Adhidev Chattopadhyay
analystSure, sure. And just again, a question -- my final question is on the overall market. So obviously, the Gurgaon market has been doing fairly well in the last 3 to 4 years. So in terms of the competitive intensity, how do you see that panning out because we keep hearing about new players, right, entering the overall market. So have you seen Gurgaon as an overall market size growing in the last year or it has been a fairly stagnant market? If you could just help us understand overall Gurgaon market as you see it in terms of either number of units or value or some ballpark number, which you may be working with?
Rajat Kathuria
executiveSo see, Gurgaon market is definitely improving.

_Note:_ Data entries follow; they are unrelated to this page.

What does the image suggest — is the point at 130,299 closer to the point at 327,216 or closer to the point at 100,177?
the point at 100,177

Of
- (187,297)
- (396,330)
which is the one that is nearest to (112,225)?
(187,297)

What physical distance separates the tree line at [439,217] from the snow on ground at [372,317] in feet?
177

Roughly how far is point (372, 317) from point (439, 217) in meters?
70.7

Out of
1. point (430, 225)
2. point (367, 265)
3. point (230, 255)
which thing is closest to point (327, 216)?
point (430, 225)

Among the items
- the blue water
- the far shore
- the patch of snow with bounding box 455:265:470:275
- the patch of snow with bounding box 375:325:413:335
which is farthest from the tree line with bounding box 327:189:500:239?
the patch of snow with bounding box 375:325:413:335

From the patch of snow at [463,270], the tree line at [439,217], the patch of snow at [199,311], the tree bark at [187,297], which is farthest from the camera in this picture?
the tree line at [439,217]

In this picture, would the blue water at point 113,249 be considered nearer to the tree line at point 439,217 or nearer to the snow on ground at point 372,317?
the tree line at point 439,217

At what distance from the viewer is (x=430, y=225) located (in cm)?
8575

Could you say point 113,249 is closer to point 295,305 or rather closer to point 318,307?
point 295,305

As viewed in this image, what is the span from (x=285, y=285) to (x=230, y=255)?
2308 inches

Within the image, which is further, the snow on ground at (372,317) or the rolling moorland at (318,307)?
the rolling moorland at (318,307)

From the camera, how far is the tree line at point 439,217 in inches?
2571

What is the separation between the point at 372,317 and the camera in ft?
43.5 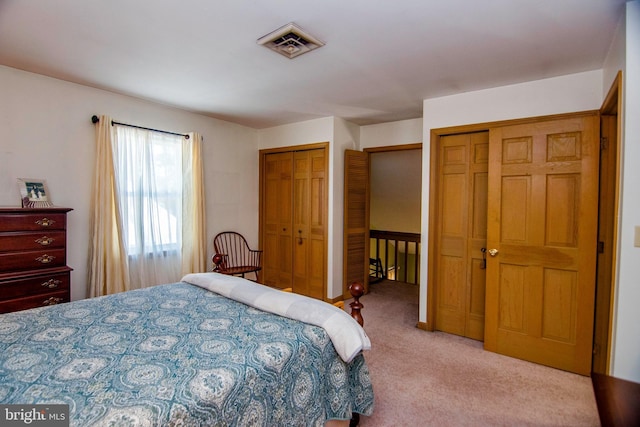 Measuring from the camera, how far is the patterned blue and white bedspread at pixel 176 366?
106cm

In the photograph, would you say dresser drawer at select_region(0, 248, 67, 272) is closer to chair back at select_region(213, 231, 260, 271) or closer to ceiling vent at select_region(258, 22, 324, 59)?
chair back at select_region(213, 231, 260, 271)

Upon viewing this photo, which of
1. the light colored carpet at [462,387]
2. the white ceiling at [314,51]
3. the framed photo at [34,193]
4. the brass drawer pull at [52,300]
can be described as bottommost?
the light colored carpet at [462,387]

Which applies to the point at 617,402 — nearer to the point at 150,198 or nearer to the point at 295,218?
the point at 295,218

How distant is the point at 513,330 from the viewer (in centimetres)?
279

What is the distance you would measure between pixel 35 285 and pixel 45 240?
0.35 m

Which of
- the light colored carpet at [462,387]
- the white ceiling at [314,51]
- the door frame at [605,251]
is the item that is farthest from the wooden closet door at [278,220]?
the door frame at [605,251]

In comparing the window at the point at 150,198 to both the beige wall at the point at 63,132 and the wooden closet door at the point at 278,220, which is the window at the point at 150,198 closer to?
the beige wall at the point at 63,132

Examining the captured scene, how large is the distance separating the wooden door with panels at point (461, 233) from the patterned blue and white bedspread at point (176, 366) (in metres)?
Answer: 1.83

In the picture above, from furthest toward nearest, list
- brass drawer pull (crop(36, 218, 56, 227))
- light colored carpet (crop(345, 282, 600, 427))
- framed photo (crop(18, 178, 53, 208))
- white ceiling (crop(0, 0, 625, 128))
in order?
framed photo (crop(18, 178, 53, 208)), brass drawer pull (crop(36, 218, 56, 227)), light colored carpet (crop(345, 282, 600, 427)), white ceiling (crop(0, 0, 625, 128))

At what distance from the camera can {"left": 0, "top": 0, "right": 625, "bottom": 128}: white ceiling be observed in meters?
1.80

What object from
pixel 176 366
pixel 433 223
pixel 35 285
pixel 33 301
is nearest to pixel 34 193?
pixel 35 285

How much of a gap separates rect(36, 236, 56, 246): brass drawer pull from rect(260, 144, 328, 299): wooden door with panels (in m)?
2.68

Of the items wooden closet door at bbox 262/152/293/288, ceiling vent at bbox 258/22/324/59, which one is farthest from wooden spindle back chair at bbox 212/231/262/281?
ceiling vent at bbox 258/22/324/59

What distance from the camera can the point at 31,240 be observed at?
244cm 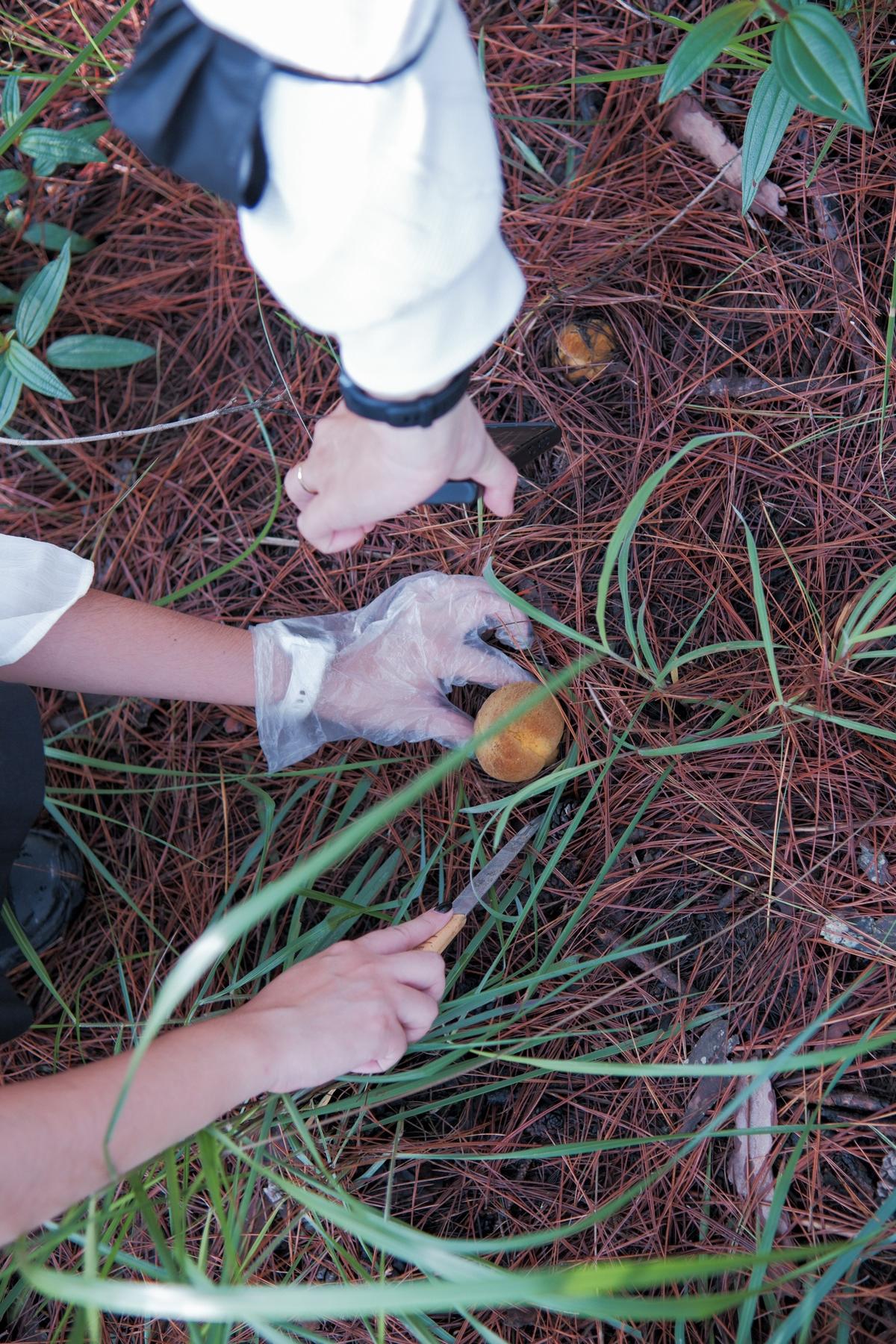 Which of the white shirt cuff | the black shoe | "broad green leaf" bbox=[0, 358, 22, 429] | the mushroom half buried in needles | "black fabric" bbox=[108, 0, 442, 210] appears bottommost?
the black shoe

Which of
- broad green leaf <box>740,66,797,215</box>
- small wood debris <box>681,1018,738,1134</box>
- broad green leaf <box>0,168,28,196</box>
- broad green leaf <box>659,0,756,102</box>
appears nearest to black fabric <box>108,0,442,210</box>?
broad green leaf <box>659,0,756,102</box>

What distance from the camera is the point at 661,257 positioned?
141 centimetres

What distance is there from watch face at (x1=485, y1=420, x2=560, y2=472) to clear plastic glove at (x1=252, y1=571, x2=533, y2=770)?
0.21 m

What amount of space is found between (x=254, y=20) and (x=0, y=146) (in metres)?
0.91

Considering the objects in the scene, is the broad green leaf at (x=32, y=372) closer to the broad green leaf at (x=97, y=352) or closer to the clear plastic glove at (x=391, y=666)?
the broad green leaf at (x=97, y=352)

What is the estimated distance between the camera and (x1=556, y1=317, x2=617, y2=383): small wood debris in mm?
1416

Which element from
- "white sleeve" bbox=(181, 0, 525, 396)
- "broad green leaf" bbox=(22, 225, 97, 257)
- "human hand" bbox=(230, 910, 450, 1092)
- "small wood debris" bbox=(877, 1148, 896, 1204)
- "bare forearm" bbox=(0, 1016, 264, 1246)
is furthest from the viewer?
"broad green leaf" bbox=(22, 225, 97, 257)

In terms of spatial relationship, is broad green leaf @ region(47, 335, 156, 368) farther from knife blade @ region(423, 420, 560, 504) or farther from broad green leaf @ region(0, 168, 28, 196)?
knife blade @ region(423, 420, 560, 504)

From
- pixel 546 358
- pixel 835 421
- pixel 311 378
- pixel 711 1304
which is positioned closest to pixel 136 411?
pixel 311 378

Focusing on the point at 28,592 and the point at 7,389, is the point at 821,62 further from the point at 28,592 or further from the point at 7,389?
the point at 7,389

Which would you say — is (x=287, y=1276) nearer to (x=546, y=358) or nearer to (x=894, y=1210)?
(x=894, y=1210)

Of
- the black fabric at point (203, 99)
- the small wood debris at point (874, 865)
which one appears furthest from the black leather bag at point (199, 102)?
the small wood debris at point (874, 865)

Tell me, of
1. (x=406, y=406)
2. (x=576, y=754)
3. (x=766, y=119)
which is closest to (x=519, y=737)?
(x=576, y=754)

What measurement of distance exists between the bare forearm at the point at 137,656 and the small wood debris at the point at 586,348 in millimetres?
669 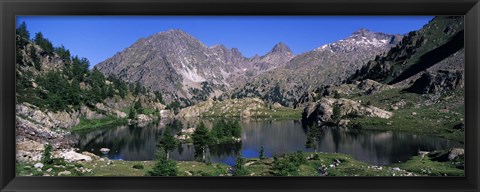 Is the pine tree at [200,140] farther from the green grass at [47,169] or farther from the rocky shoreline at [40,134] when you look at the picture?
the green grass at [47,169]

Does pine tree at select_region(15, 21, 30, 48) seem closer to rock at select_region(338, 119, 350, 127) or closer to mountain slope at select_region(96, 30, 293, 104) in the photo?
rock at select_region(338, 119, 350, 127)

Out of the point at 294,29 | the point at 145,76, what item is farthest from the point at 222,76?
the point at 294,29

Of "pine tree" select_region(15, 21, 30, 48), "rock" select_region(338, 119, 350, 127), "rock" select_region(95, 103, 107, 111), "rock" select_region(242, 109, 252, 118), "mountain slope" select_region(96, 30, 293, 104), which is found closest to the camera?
"pine tree" select_region(15, 21, 30, 48)

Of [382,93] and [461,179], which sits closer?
[461,179]

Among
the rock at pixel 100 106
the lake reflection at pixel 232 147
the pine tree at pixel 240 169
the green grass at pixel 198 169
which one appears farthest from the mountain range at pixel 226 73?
the green grass at pixel 198 169

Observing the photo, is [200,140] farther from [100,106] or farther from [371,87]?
[371,87]

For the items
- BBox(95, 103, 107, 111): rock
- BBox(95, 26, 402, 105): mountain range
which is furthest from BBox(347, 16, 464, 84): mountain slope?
BBox(95, 26, 402, 105): mountain range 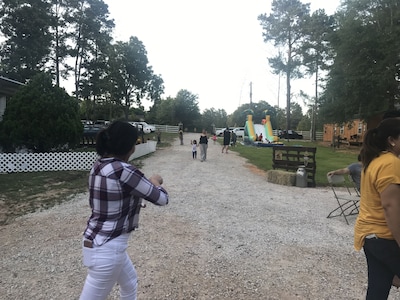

The market size has improved, the number of launches. There's been sustained supply by various players in the market. The sweet spot where we are enjoying a very unique position in the market is that we are the only company which is focusing on mid-income housing and can do a sustained supply of units. There are a bunch of players who are tapping this upper mid or luxury segment, but don't have the rightful amount of land with them to do a sustained supply. So we can do sustained supply, and we want to tap this early-stage mid-income market, which no one else is doing, and that's kind of a very peculiar or positioning for the company, which is getting reflected in terms of our regular year-on-year growth.
Operator
operatorAs there are no further questions, I would now like to hand the conference over to the management for closing comments.
Rajat Kathuria
executiveYes. We would like to thank everyone to take out time this morning, and we'll be updating everyone, the entire community as and when more progress is happening. But just to end with a positive note that the business scenario is very positive, very good, and we are very positive regarding the current year operations for the company. Thank you.
Pradeep Aggarwal
executiveThanks a lot.
Operator
operatorOn behalf of ICICI Securities Limited, that concludes this conference. Thank you for joining us, and you may now disconnect your lines.